ADVERTISEMENT

Former Texas prosecutor disbarred for sending innocent man to death row

Is there any way we can possibly pin this thread to the top of the board so that it can be referenced every time there is a hang 'em high thread?

There are certainly people on death row who without a doubt are guilty of their crimes.

Hang those guys high.

If the case was built on less than overwhelming, incontrovertible evidence, get them off death row.
 
He was found guilty beyond a reasonable doubt and sentenced to death. Where do you draw the line?

There are some cases where it's absolutely incontrovertible who did it. The Colorado movie theater shooter. The Fort Hood shooter. These men did it. There is no doubt.

But if your case is built with circumstantial evidence and innuendo.... if the witnesses aren't very credible... then take the death penalty off the table.
 
There are certainly people on death row who without a doubt are guilty of their crimes.

Hang those guys high.

If the case was built on less than overwhelming, incontrovertible evidence, get them off death row.

The justice system is absolutely imperfect. Until an absolutely perfect justice system is enacted, an ultimately and final penalty, i.e. death, should not be implemented. No matter the standard you choose to implement, an imperfect person will sit as judge, juror, and prosecutor, with their own imperfections and preconceptions.
 
  • Like
Reactions: KitingHigh
Defendants in these cases should also be able to recover assets from prosecutors who sent them to jail wrongfully by hiding evidence.

If you are a DA and engage in this behavior, you lose ALL your personal assets to pay the defendant.

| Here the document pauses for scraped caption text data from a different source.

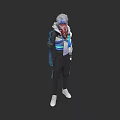 Game And Movie Character With White Hair Red Mask Blue Fur Collar Jacket Black Pants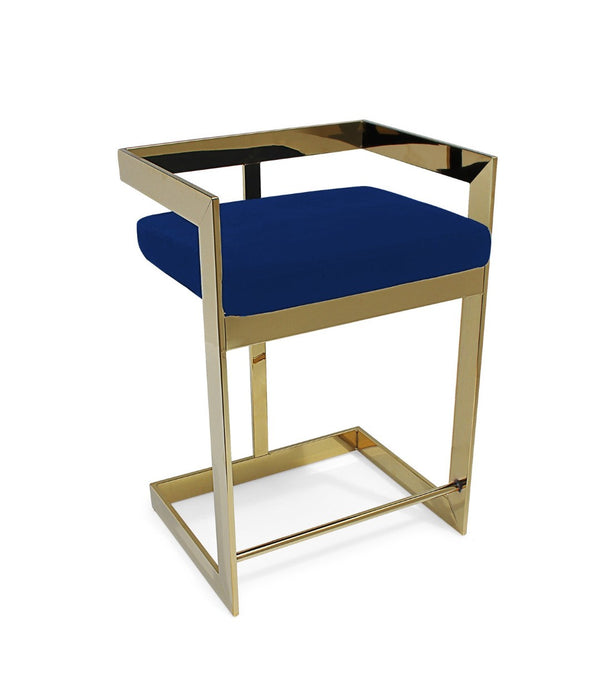 HomeRoots 30" Blue Velvet Bar Chair with Gold Metal Frame - Stylish Low-Back Design for Modern Interiors 555065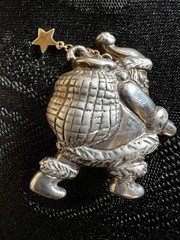 Scarce Vintage Signed B.A BALLOU 925 Sterling 14K Gold Santa Claus Pin Brooch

House, 401k, cars, stocks, any trust you have control over....everything. And, the State can revoke/recall ALL the payments made to you in performing your job and ask for the money back.

No fricking way should taxpayers be footing the bill for people they elected in confidence to uphold the law. You should end up with NOTHING; take anything you gave to your wife/kids to boot and fork it over to the wronged defendant OR the taxpayers stuck w/ the civil suit against them.

This guy can sue the prosecutors. We had a high profile case here in Iowa recently where a couple guys out of Council Bluffs got some big $$$$ suing the prosecutors that framed them for murder. One of the guys names was Harrington. Gerry Spence was his attorney. Google and read up.
 
There are some cases where it's absolutely incontrovertible who did it. The Colorado movie theater shooter. The Fort Hood shooter. These men did it. There is no doubt.

But if your case is built with circumstantial evidence and innuendo.... if the witnesses aren't very credible... then take the death penalty off the table.

But how do you draw the line? What is the standard for absolute certain guilt? Guilt will still be judged by an imperfect system using imperfect people who will implement a final, non-reversible punishment. You will still be susceptible to issues like this, where a person involved in the trial manipulated and withheld evidence to prevent an acquittal.
 
The justice system is absolutely imperfect. Until an absolutely perfect justice system is enacted, an ultimately and final penalty, i.e. death, should not be implemented. No matter the standard you choose to implement, an imperfect person will sit as judge, juror, and prosecutor, with their own imperfections and preconceptions.

Look, you get caught red-handed holding the smoking gun, you can be given the death penalty.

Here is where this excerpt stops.